- Exercise data -
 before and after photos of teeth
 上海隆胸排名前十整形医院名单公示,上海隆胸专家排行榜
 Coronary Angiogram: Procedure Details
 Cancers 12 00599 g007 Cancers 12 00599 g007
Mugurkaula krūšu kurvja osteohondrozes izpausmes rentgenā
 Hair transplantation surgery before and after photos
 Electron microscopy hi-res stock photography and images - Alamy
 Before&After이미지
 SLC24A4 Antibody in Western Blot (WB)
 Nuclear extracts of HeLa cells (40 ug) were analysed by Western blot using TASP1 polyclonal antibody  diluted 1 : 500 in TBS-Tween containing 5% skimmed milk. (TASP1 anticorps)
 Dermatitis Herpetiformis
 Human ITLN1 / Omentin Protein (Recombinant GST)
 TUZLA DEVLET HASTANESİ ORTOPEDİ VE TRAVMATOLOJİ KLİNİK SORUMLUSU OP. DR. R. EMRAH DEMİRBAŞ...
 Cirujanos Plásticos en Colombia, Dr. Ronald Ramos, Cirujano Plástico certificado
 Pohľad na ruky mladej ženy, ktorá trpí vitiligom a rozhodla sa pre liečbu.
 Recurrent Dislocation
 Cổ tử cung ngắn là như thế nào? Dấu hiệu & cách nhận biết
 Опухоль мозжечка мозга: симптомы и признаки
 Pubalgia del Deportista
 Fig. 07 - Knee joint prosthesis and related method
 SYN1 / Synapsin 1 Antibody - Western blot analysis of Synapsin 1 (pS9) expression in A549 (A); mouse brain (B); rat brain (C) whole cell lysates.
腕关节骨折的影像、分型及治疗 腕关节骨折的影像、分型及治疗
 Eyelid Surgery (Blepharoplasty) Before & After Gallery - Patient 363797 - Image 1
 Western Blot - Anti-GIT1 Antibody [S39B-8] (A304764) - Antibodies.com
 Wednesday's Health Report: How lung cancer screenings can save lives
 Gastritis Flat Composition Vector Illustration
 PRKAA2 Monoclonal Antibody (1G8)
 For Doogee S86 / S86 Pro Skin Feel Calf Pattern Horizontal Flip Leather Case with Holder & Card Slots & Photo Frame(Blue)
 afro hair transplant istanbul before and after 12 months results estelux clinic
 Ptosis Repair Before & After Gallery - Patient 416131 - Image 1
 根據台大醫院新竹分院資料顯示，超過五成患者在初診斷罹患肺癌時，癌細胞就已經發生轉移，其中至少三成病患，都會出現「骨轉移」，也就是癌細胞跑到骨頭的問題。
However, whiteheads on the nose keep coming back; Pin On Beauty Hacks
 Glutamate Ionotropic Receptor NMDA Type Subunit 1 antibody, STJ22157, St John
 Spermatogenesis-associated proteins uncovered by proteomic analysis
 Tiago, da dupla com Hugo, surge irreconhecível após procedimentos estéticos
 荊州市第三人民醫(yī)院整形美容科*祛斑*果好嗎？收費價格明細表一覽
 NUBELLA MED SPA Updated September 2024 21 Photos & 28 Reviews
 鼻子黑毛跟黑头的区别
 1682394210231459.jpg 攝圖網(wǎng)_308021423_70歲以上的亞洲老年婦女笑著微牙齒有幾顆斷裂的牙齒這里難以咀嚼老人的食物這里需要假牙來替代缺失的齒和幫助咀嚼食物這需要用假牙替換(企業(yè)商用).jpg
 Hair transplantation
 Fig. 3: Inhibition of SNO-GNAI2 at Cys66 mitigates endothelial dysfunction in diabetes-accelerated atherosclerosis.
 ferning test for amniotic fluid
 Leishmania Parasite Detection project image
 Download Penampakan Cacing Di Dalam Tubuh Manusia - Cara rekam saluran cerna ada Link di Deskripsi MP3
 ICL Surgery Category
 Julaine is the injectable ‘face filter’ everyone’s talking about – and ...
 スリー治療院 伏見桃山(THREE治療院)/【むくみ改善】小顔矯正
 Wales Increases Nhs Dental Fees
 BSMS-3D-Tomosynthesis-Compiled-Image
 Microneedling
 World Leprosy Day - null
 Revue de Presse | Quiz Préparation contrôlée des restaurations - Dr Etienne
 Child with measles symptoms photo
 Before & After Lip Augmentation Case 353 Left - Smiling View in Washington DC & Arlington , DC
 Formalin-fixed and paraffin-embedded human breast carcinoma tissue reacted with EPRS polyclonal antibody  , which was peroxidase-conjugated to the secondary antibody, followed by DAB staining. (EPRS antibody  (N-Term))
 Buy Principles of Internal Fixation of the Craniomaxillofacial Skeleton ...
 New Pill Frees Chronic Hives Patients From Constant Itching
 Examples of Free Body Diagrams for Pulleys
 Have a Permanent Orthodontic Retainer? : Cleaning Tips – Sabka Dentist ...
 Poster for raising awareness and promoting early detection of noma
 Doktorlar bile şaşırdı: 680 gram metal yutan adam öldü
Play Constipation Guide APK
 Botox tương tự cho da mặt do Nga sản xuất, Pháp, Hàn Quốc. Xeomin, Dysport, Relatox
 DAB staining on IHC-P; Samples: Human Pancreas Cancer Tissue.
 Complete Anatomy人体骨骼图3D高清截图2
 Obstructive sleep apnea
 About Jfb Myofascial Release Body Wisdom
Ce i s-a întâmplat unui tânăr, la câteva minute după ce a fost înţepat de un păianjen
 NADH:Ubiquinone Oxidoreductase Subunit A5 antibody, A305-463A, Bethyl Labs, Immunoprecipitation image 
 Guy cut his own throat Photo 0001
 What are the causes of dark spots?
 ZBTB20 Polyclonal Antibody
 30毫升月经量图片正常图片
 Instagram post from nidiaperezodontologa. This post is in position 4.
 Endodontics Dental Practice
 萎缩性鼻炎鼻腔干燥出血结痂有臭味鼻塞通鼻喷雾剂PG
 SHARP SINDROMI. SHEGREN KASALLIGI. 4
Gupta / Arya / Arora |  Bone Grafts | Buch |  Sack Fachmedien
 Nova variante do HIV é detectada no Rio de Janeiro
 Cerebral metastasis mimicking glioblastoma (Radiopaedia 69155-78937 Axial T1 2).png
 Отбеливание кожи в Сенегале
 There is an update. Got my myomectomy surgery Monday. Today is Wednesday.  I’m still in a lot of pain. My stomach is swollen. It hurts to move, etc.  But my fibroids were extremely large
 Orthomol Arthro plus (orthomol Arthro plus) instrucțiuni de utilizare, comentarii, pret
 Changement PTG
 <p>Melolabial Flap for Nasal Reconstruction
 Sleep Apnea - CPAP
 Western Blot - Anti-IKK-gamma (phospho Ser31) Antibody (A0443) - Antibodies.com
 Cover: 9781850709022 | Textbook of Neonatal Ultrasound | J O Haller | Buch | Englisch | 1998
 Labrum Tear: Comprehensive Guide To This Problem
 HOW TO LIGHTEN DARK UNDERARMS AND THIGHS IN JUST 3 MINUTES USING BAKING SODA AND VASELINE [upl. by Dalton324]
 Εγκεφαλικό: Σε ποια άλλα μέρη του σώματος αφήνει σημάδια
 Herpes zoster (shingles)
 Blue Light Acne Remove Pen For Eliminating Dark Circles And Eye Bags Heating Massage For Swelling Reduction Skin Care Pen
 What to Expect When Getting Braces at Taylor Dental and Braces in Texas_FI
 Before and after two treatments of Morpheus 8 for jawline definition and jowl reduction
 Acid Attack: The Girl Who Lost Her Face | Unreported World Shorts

- Your assignment -
Find out how many lines in the entries above hold "Guide", then reply with that figure and nothing else.

- Exercise answer -
2